Catherine Breillat and Léa Drucker on the Seductive Transgressions of ‘Last Summer’

As in Breillat’s previous films, however, a sense of timelessness pervades the aesthetic; the exact year and place are left intentionally unclear. “I don’t want my films to ever be dated,” the director explains. “I choose costumes and haircuts for the actors that don’t go out of style because the emotions they’re expressing don’t go out of date.” She takes a similar approach to sound: For Last Summer, she had the ineffable Kim Gordon, a founding member of Sonic Youth, contribute an original bass-heavy track that plays over the end credits. (Gordon, for her part, was a fan: The name of her current group, Body/Head, is a nod to a line from Breillat’s 1988 film 36 Fillette.)

Throughout her body of work, Breillat has sought to undo the eroticism of the male gaze. In Last Summer’s first sex scene, the focus is trained squarely on the young man’s face, and—bucking convention—Anne’s body is never shown onscreen during the sequence. “The end result is something uncannily intimate, even more so than bodies,” Breillat says. The approach was conceived the night before filming, as Breillat lay in Theo’s cramped room on the set, where the confines of the space restricted where and how she could place a camera. (Ultimately, she would raise the bed to create a low angle.) “She’s like a painter,” says Drucker of the filmmaker’s meticulous framing methods. “She is one of the best cinematographers I know, with this language of cinema that is very rich, very powerful.”
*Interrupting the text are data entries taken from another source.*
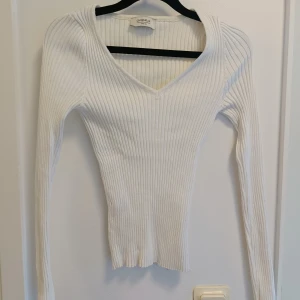 Vit ribbad v-ringad tröja Chiquelle - Supersnygg vit ribbad tröja från Chiquelle med v-ringad hals och långärmade smala ärmar. Tröjan är tight i passformen och gjord i mjuk stickad bomull som sitter perfekt. Perfekt att styla med jeans eller kjol för en clean look.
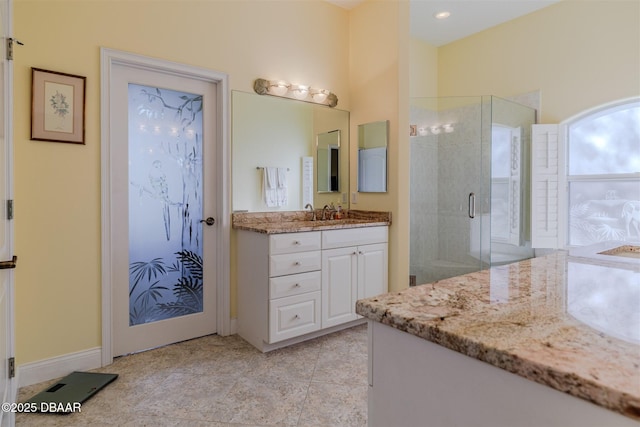 bathroom featuring tile patterned flooring, vanity, and a shower with shower door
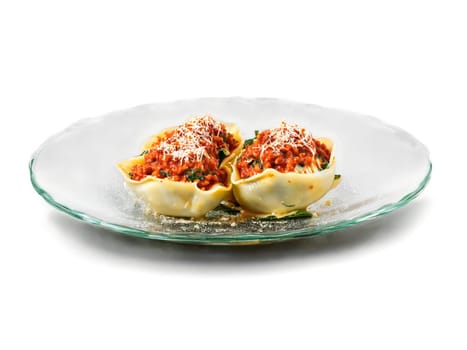 Vegetarian spinach and ricotta stuffed shells with tomato sauce served on a transparent glass dish. Food isolated on transparent background.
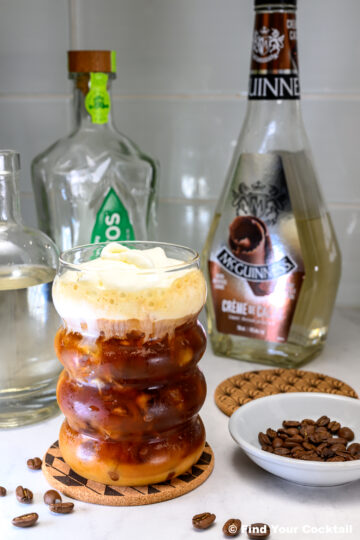 A glass of layered iced coffee with cream on top sits on a coaster, surrounded by coffee beans and bottles of liquor on a countertop.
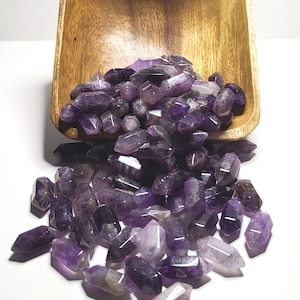May include: A wooden bowl tilted forward, spilling a collection of small, double-terminated amethyst crystals. The crystals vary in shades of deep purple and translucent lavender, featuring pointed ends and faceted surfaces scattered across the surface.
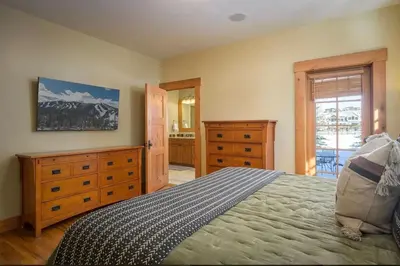 a bedroom with a bed and dressers and a bathroom at Luxe Winter Park Escape - 5BR with Hot Tub & Game Room in Winter Park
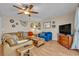 Cozy living room featuring a comfortable leather sectional and stylish decor accents at 2312 Poinciana Rd, Winter Park, FL 32792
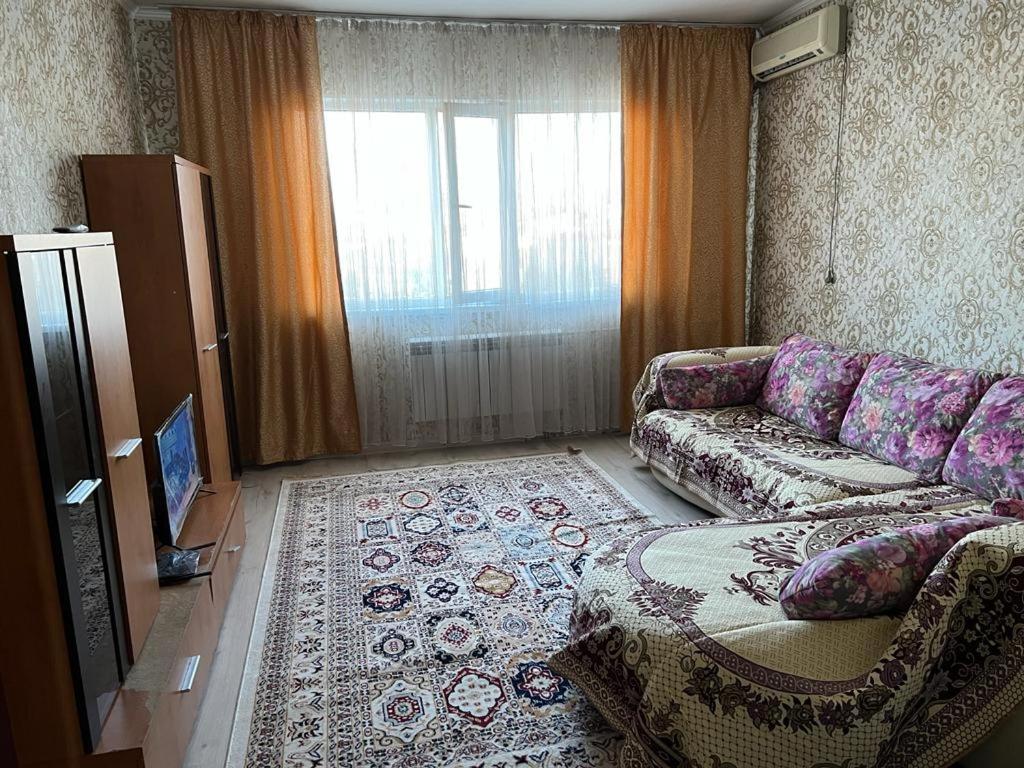 ein Wohnzimmer mit einem Sofa und einem großen Fenster in der Unterkunft 2 х комнатная квартира in Schymkent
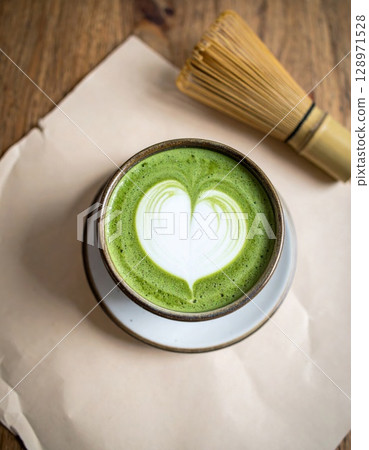 Matcha Latte with Heart Foam Art and Bamboo Whisk on Wooden Table Background 128971528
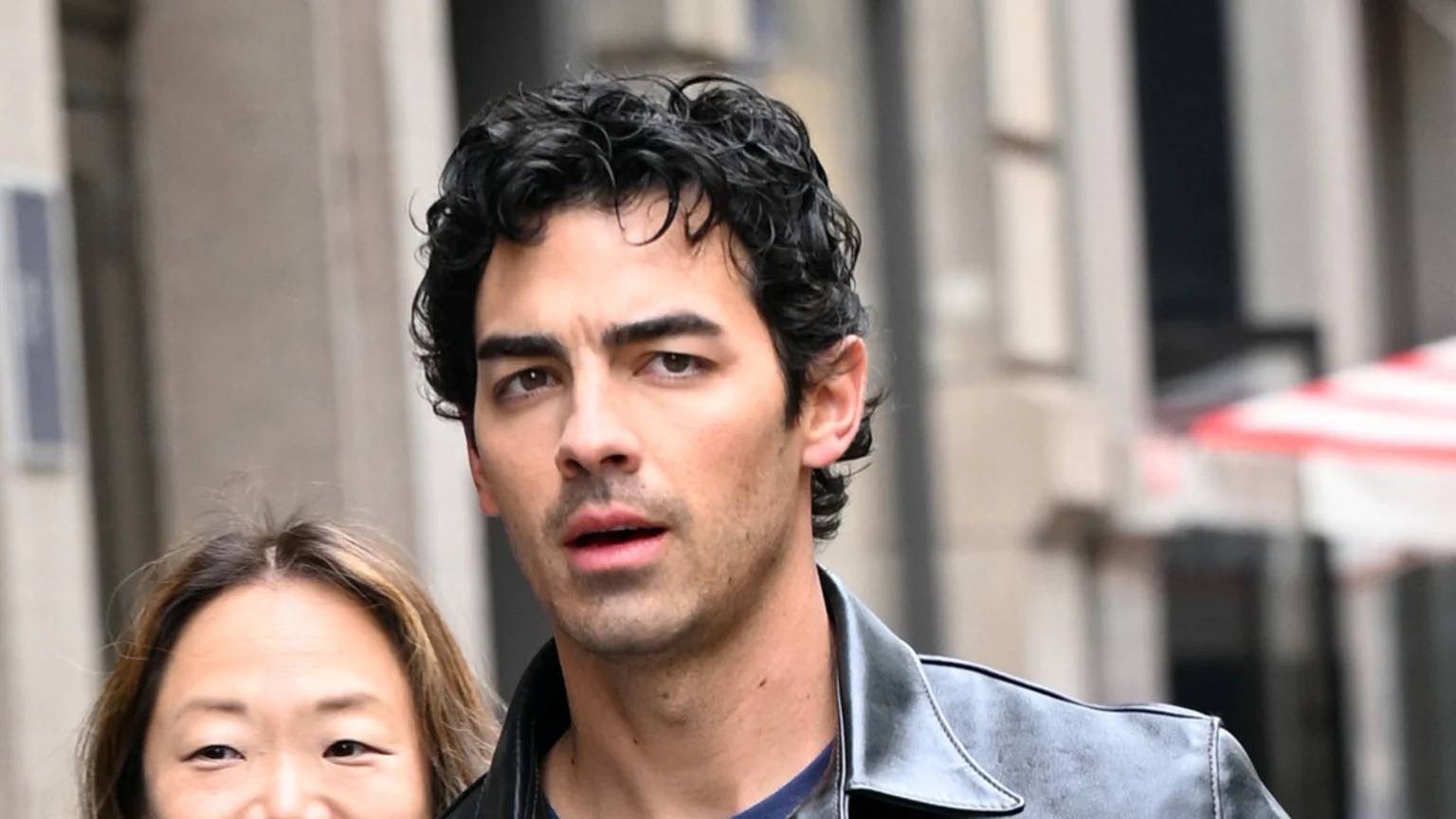 Joe Jonas, with dark curly hair and a leather jacket, looks forward with a slightly open mouth; a person with light brown hair and Asian features is partially visible behind him.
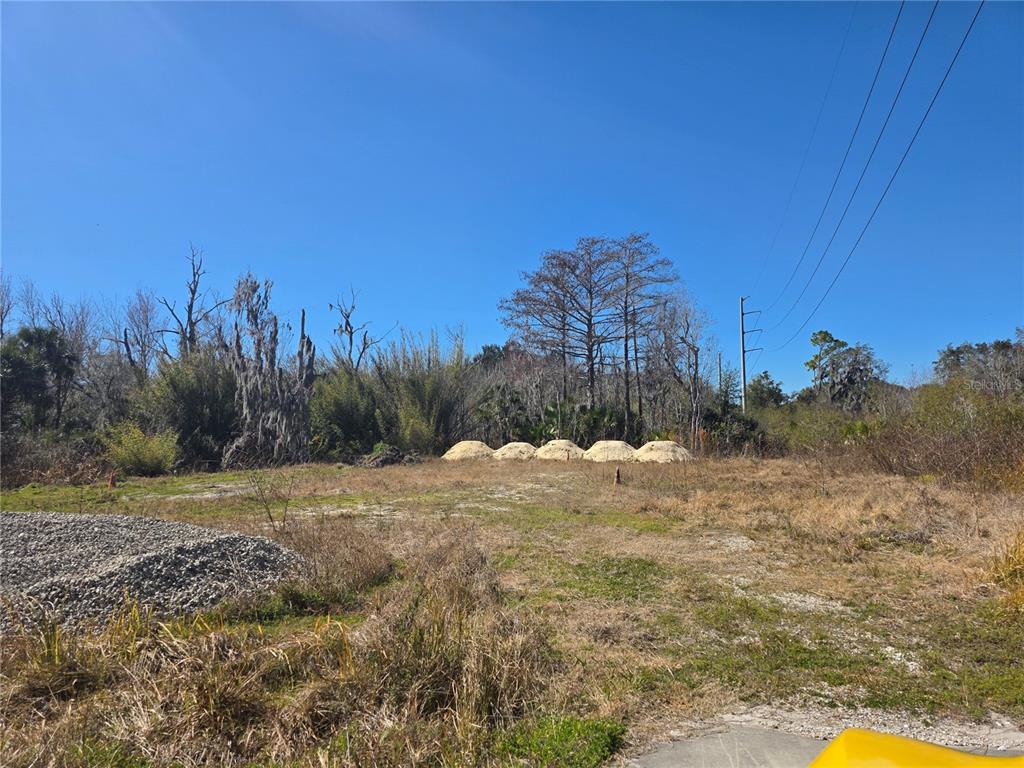 A vacant, grassy lot features piles of sand and trees under a clear blue sky — 470 N STATE ROAD 415, OSTEEN, FL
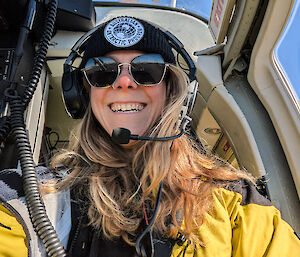 A smiling woman in yellow sitting in a helicopter cockpit with headset, beanie and sunglasses on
Like many other French directors, Breillat has voiced skepticism about the value of intimacy coordinators on set, underscoring her belief in the director’s vision and the deep trust that can—and should—be fostered between actor and filmmaker. “Cinema is about the point of view of the artist, not some stranger,” Breillat says. “Once the actors entrust themselves to you, they allow you to work with them as you want. There’s symbiosis between the actor and the director. I devour the actors with my eyes. When the actors abandon themselves to the film, to their roles, that’s what gives the film transcendence and beauty. When I ask an actor to express ecstasy or enjoyment, I am asking for the most intimate thing possible, the thing that will make the viewer mute. That intimacy is on their faces.”